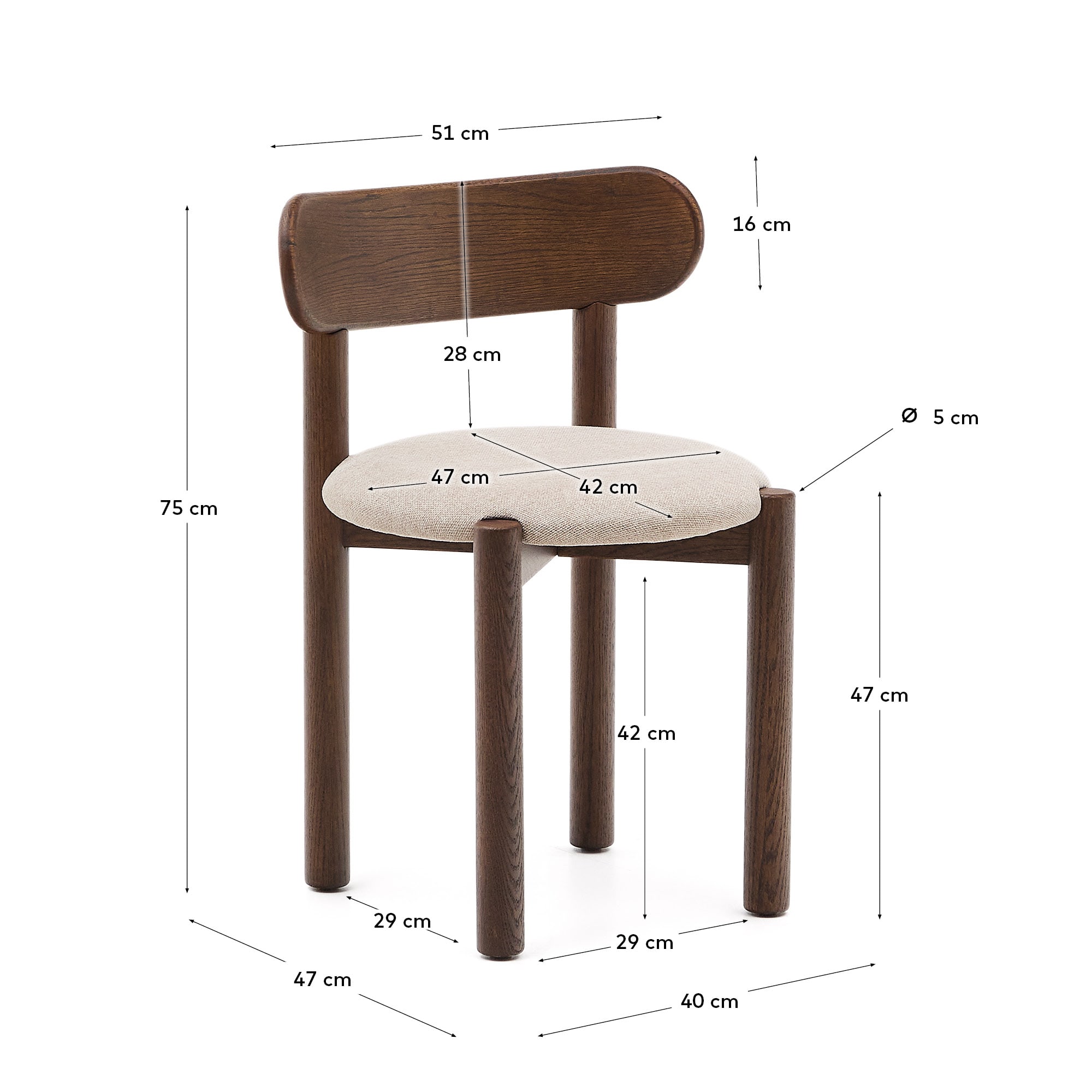 Nebai chair in brown chenille with a solid oak wood structure and walnut finish FSC MIX Credit - sizes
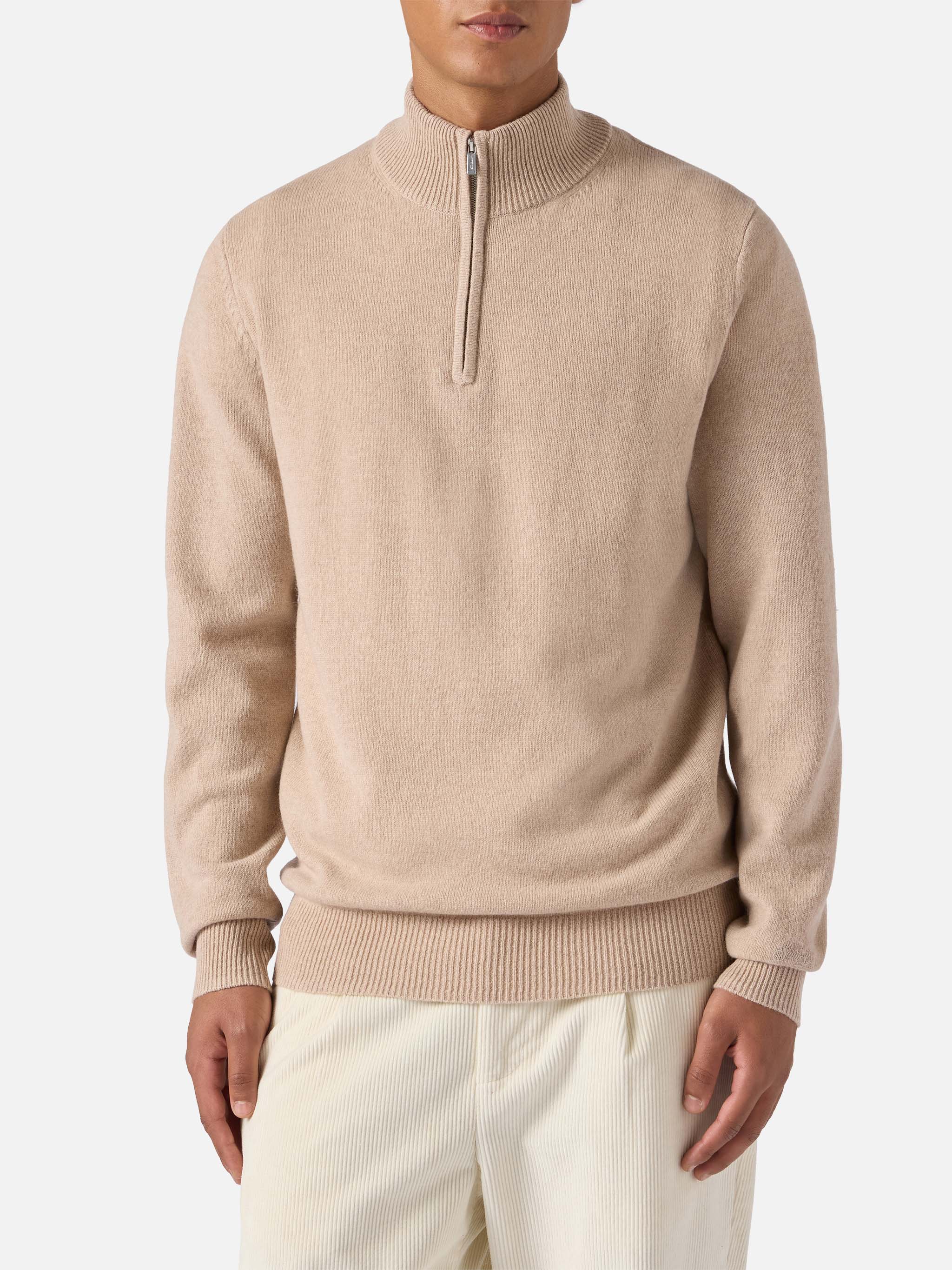 mc2-saint-barth-pullover-mezza-zip-jermyn-in-lambswool-beige image 1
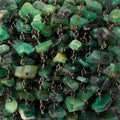 8x5-11x5mm Matte Emerald Chips Black Gold plated Chain by the foot 34 pieces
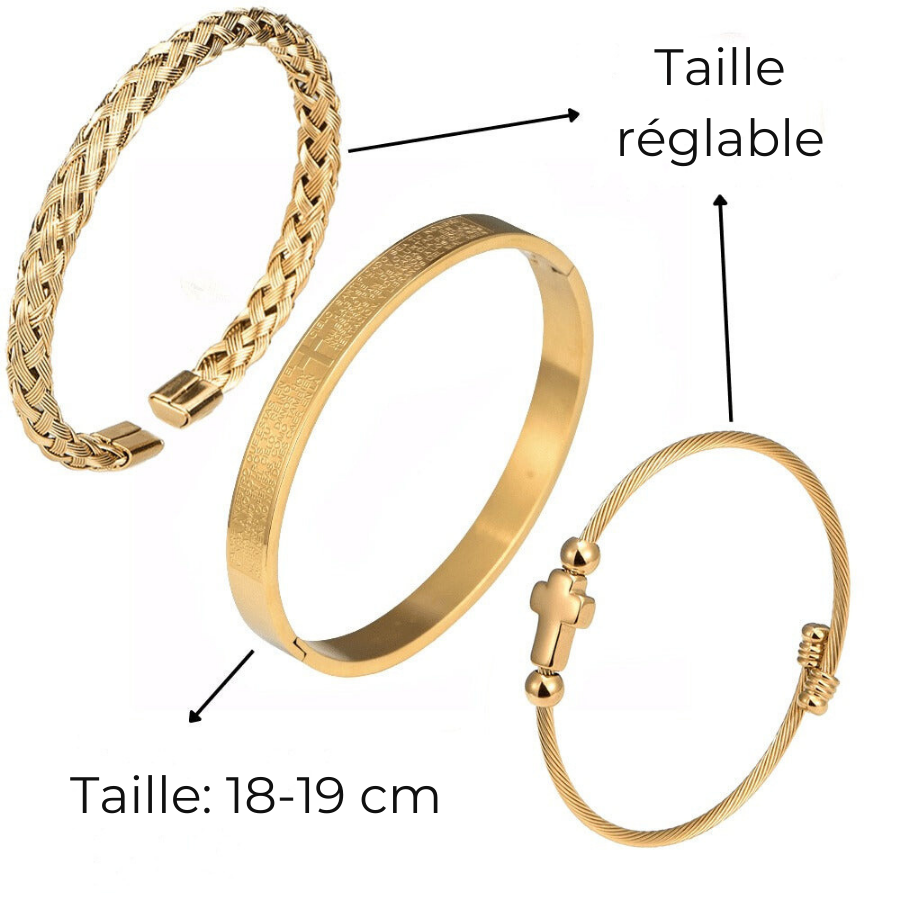 Trio of Our Father Cross Bangles - Snazzy Stainless Steel with Gold and Silver Finish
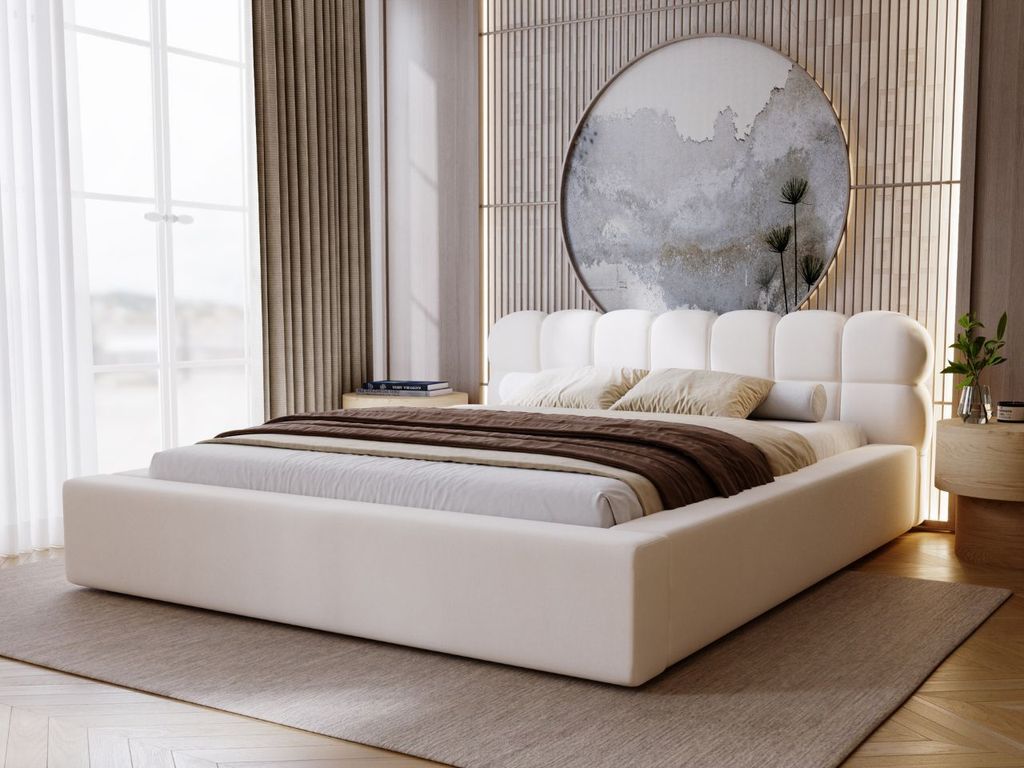 GrainGold Polsterbett Plaza 140x200 cm - Bett 140x200, Polsterbett mit Bettkasten und Lattenrost -Creme (Komodo 10)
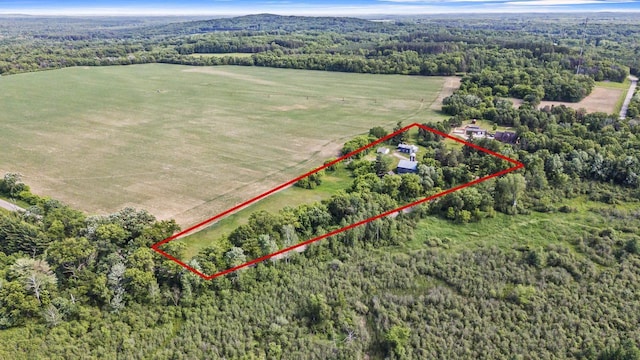 W6525 Beechnut Ave, Wild Rose, WI 54984 - overview of rural landscape featuring property parcel outlined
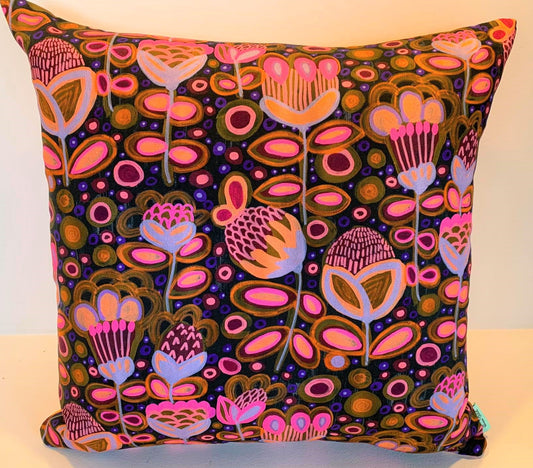 Boho Multi-Coloured floral - Cushion Cover - 47cm x 47cm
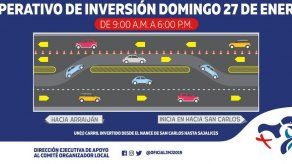 Inversión de carriles hacia el interior del país hasta las 6:00 p.m este domingo Inversión de carriles hacia el interior del país hasta las 6:00 p.m este domingo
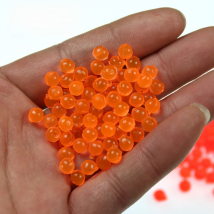 Bimoo 50pcs/bag 4mm Realistic Salmon Fish Egg Fly for Treble Hook Bait Orange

▶ [Requirement]
Exactly as written above, print every line of the data but not its pictures.

▶ [Answer to the problem]
 Nebai chair in brown chenille with a solid oak wood structure and walnut finish FSC MIX Credit - sizes
 mc2-saint-barth-pullover-mezza-zip-jermyn-in-lambswool-beige image 1
 8x5-11x5mm Matte Emerald Chips Black Gold plated Chain by the foot 34 pieces
 Trio of Our Father Cross Bangles - Snazzy Stainless Steel with Gold and Silver Finish
 GrainGold Polsterbett Plaza 140x200 cm - Bett 140x200, Polsterbett mit Bettkasten und Lattenrost -Creme (Komodo 10)
 W6525 Beechnut Ave, Wild Rose, WI 54984 - overview of rural landscape featuring property parcel outlined
 Boho Multi-Coloured floral - Cushion Cover - 47cm x 47cm
 Inversión de carriles hacia el interior del país hasta las 6:00 p.m este domingo Inversión de carriles hacia el interior del país hasta las 6:00 p.m este domingo
 Bimoo 50pcs/bag 4mm Realistic Salmon Fish Egg Fly for Treble Hook Bait Orange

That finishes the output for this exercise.